- PROBLEM STATEMENT: Look below for the line with "表2 电解锰渣浸出毒性检测结果" and the line with "Illustration : un". Copy exactly those two lines and every line between, but not the pictures.

** AVAILABLE DATA follows **

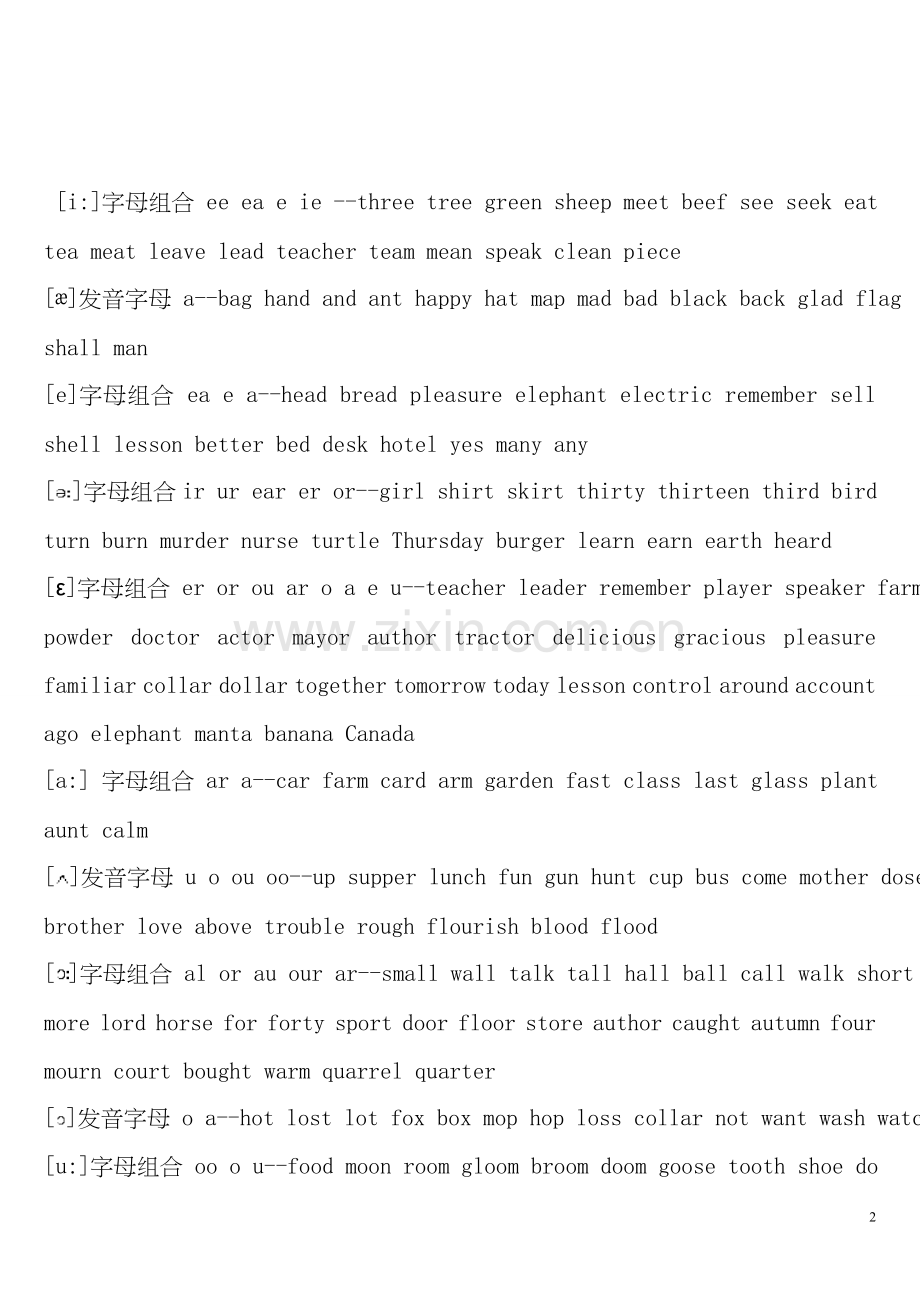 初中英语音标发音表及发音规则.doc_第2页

** End of AVAILABLE DATA **
** AVAILABLE DATA follows **

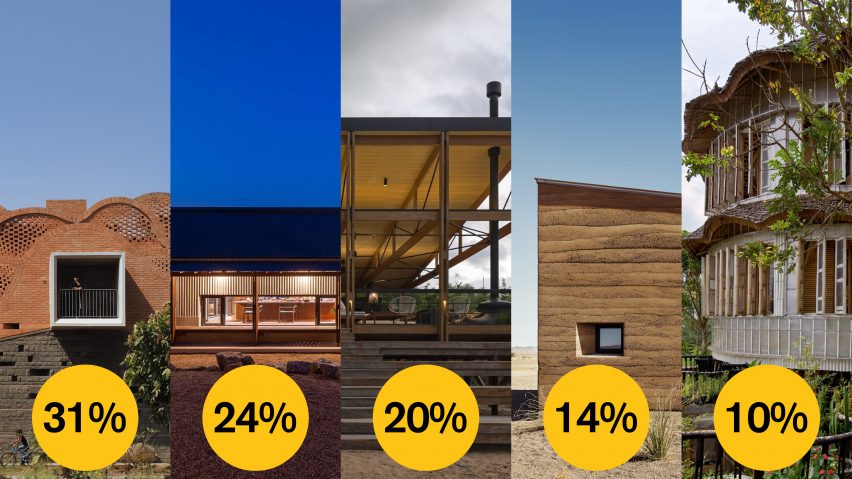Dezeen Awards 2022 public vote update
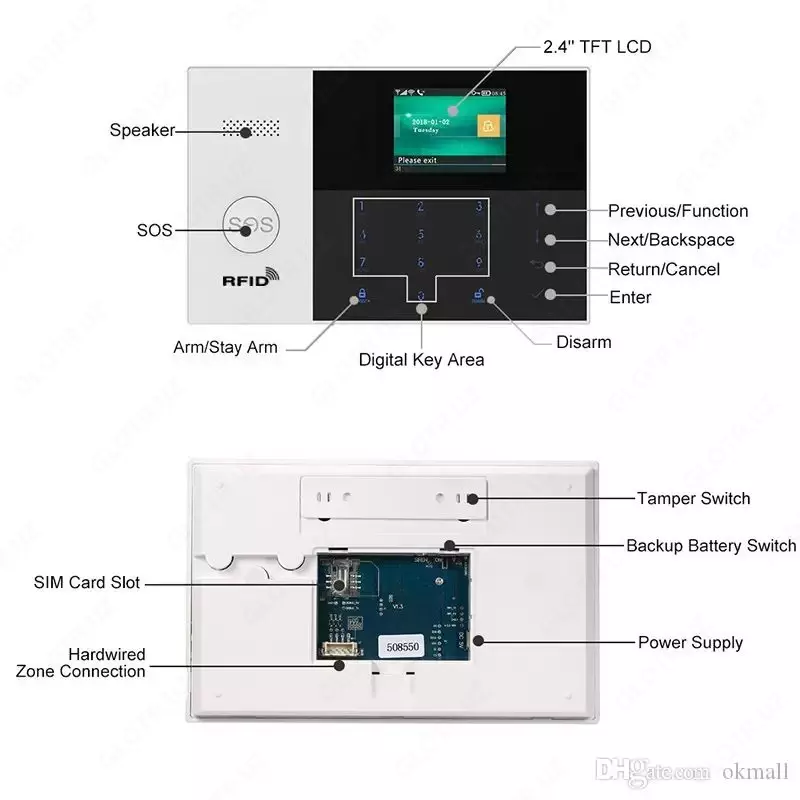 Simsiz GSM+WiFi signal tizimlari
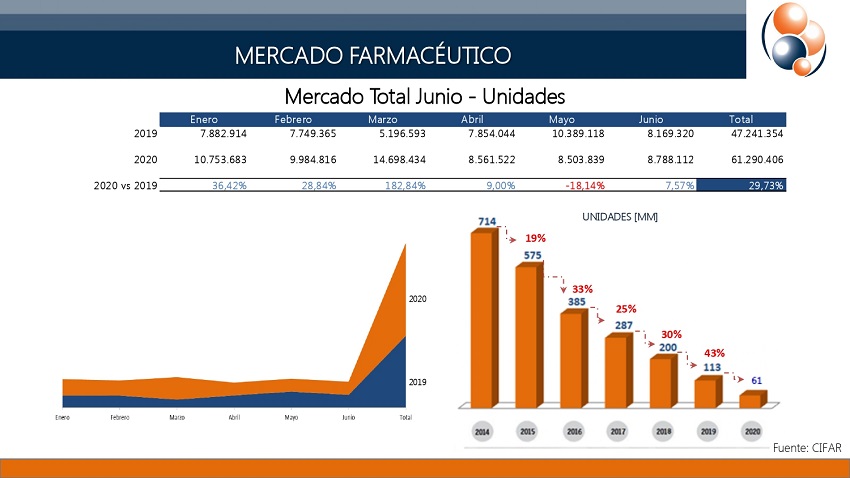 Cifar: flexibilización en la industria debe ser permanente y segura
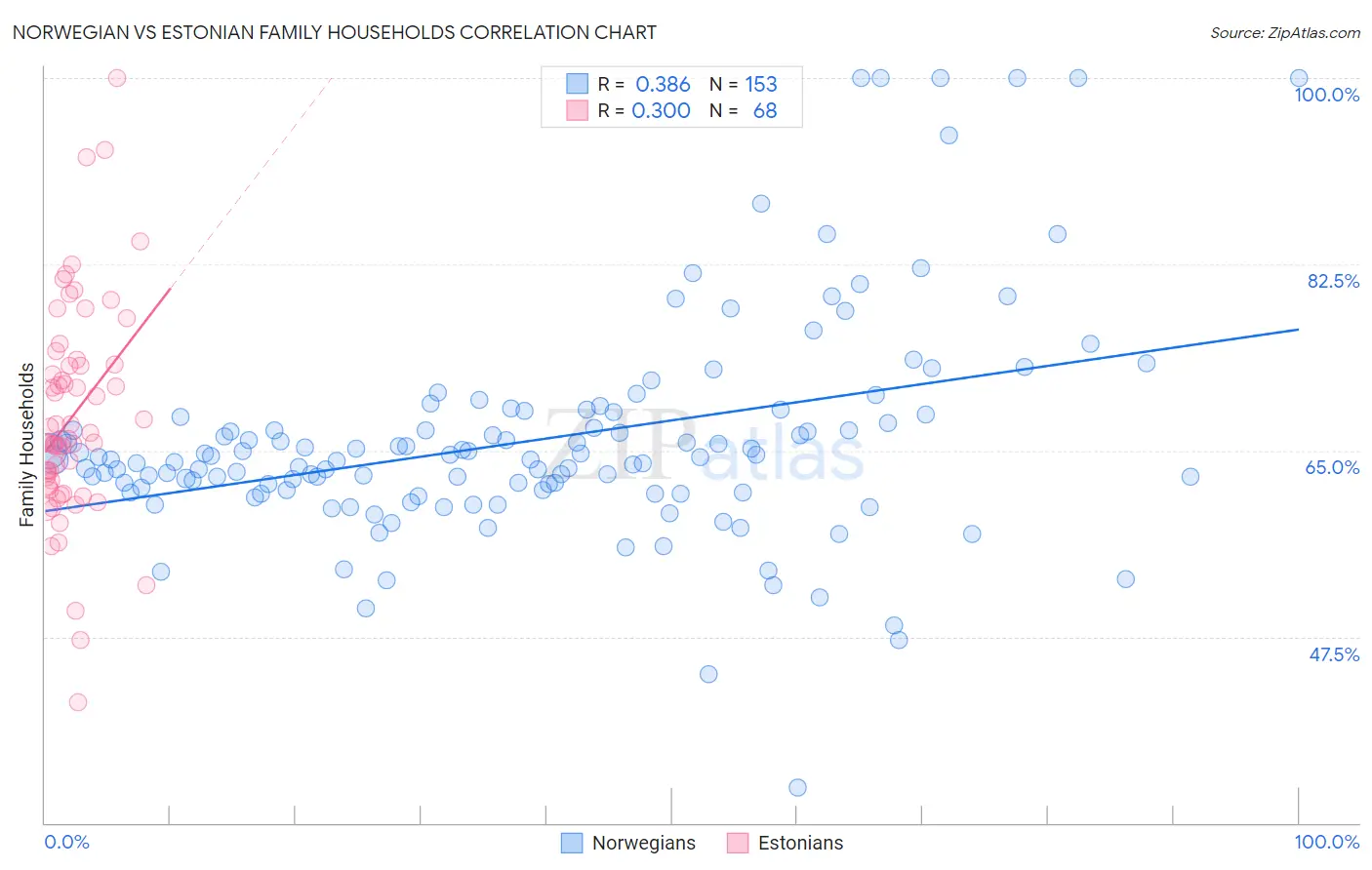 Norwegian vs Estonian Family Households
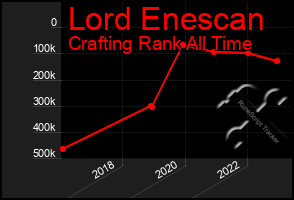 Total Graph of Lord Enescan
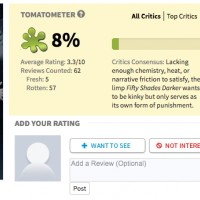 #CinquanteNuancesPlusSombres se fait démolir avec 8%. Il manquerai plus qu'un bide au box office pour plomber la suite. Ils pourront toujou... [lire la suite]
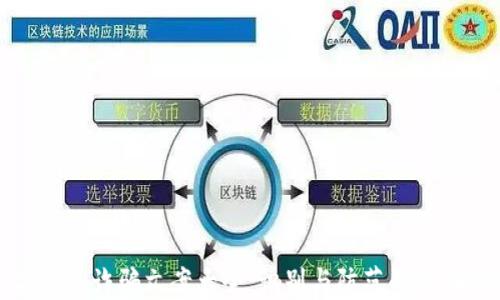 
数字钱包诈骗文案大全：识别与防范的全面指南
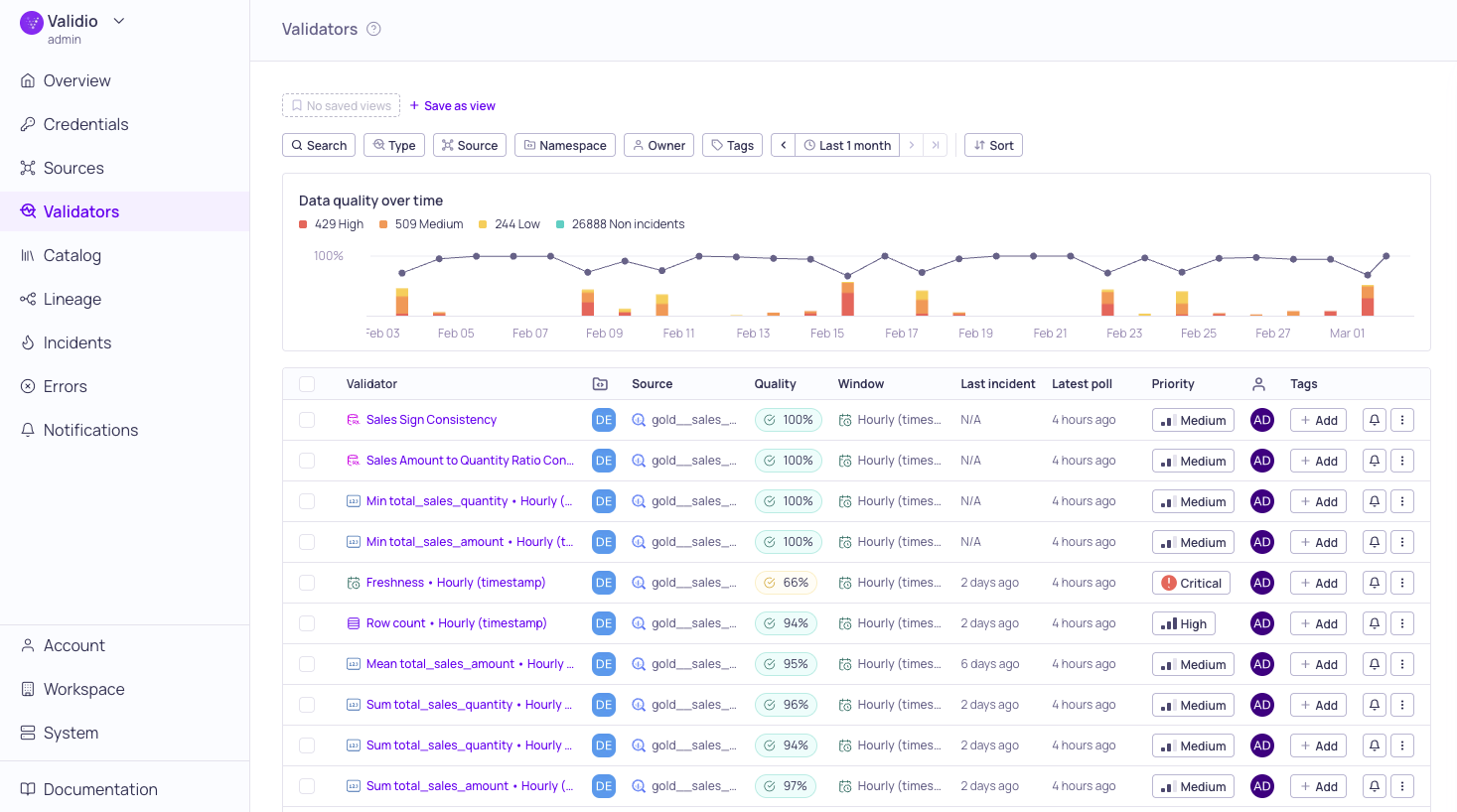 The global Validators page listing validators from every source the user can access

** End of AVAILABLE DATA **
** AVAILABLE DATA follows **

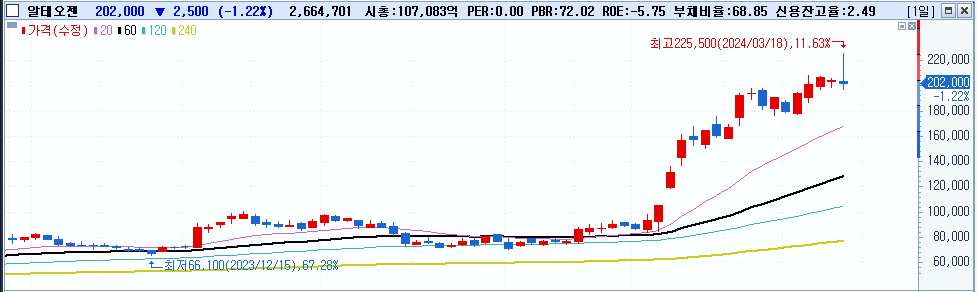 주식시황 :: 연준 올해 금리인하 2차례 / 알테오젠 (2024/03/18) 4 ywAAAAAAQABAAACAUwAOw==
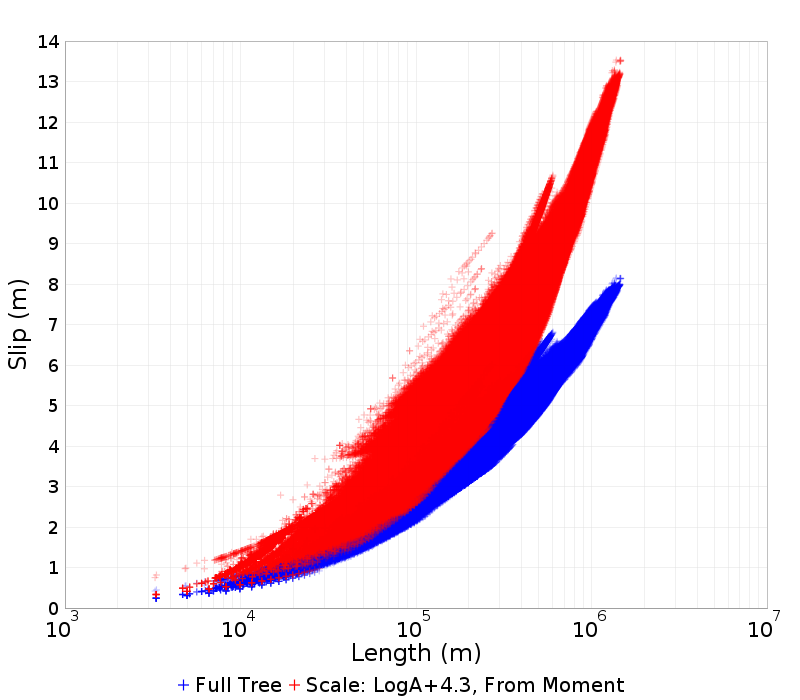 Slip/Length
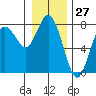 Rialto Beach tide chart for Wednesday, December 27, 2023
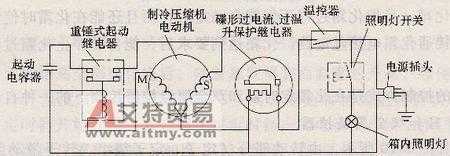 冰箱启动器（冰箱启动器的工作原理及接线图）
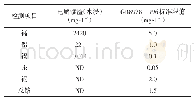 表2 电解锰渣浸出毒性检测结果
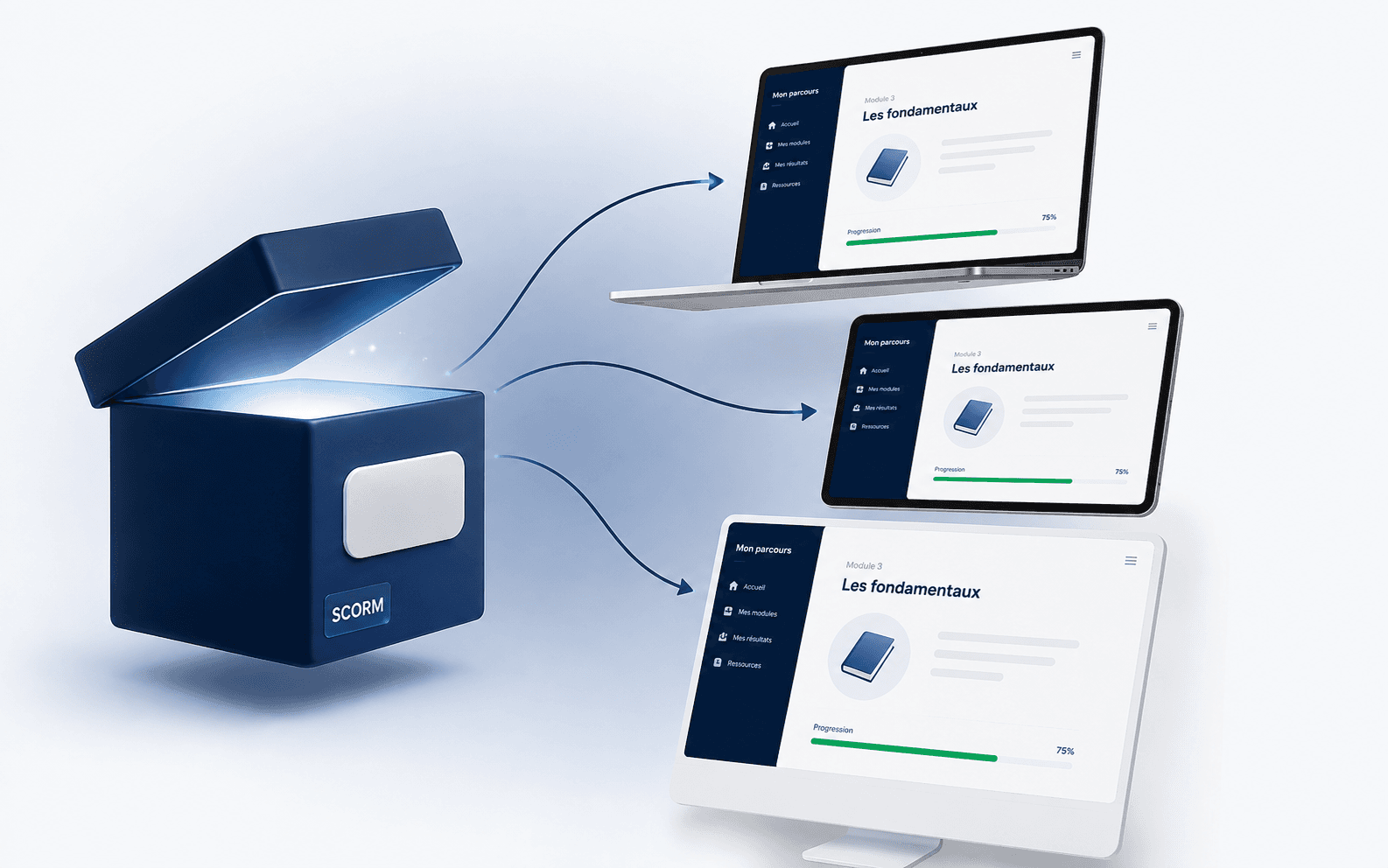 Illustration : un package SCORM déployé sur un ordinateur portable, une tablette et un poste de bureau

** End of AVAILABLE DATA **

- WRITTEN ANSWER:
 表2 电解锰渣浸出毒性检测结果
 Illustration : un package SCORM déployé sur un ordinateur portable, une tablette et un poste de bureau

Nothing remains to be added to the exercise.